## What you will do
Your answer should repeat exactly the line containing "NEW Betsey Johnson" and all lines after it through the end of the material below, with no other text.

Top of Records for the exercise

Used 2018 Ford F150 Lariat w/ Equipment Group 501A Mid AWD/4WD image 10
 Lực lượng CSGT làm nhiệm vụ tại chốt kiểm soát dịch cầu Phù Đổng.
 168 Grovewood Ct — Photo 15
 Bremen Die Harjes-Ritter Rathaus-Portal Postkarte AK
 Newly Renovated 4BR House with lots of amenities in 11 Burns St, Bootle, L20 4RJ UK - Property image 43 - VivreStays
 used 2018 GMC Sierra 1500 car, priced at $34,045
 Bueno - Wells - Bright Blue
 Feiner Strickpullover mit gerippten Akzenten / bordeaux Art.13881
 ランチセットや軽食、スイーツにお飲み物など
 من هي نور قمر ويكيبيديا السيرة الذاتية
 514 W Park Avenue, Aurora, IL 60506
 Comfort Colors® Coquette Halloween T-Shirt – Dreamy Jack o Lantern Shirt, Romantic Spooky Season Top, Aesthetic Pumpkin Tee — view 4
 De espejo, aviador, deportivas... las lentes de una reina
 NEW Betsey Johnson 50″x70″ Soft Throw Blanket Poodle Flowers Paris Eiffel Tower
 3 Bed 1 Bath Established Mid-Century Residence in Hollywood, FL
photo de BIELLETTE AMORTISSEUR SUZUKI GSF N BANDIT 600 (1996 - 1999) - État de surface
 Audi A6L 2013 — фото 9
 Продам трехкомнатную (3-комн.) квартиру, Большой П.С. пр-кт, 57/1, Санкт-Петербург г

Bottom of Records for the exercise

## Solution
 NEW Betsey Johnson 50″x70″ Soft Throw Blanket Poodle Flowers Paris Eiffel Tower
 3 Bed 1 Bath Established Mid-Century Residence in Hollywood, FL
photo de BIELLETTE AMORTISSEUR SUZUKI GSF N BANDIT 600 (1996 - 1999) - État de surface
 Audi A6L 2013 — фото 9
 Продам трехкомнатную (3-комн.) квартиру, Большой П.С. пр-кт, 57/1, Санкт-Петербург г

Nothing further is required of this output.